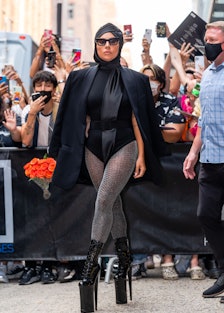 Lady Gaga in black headscarf.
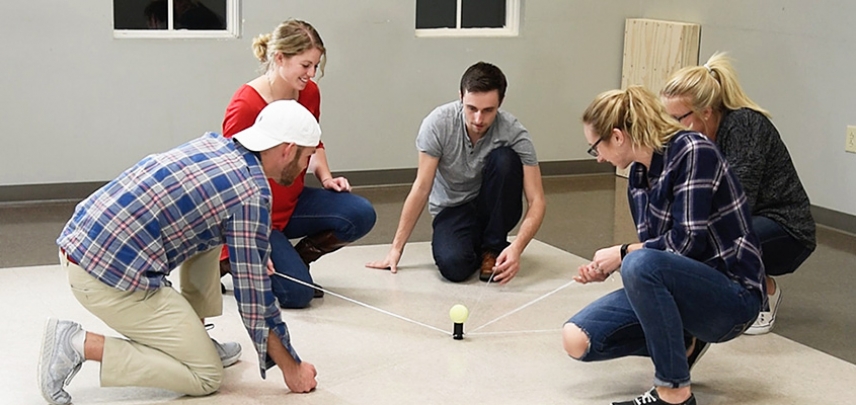 A team works together to get the ball from point A to point B before their competitors.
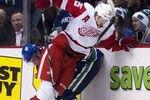 VANCOUVER, CANADA - DECEMBER 21: Mason Raymond #21 of the Vancouver Canucks tries to tie up Niklas Kronwall #55 of the Detroit Red Wings along the side boards during the third period in NHL action on December 21, 2011 at Rogers Arena in Vancouver, British Columbia, Canada.  (Photo by Rich Lam/Getty Images)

** INSTRUCTIONS FOR THE TASK **
Retype all of the listing word for word and skip the pictures.

** RESPONSE TO THIS EXERCISE **
 Lady Gaga in black headscarf.
 A team works together to get the ball from point A to point B before their competitors.
 VANCOUVER, CANADA - DECEMBER 21: Mason Raymond #21 of the Vancouver Canucks tries to tie up Niklas Kronwall #55 of the Detroit Red Wings along the side boards during the third period in NHL action on December 21, 2011 at Rogers Arena in Vancouver, British Columbia, Canada.  (Photo by Rich Lam/Getty Images)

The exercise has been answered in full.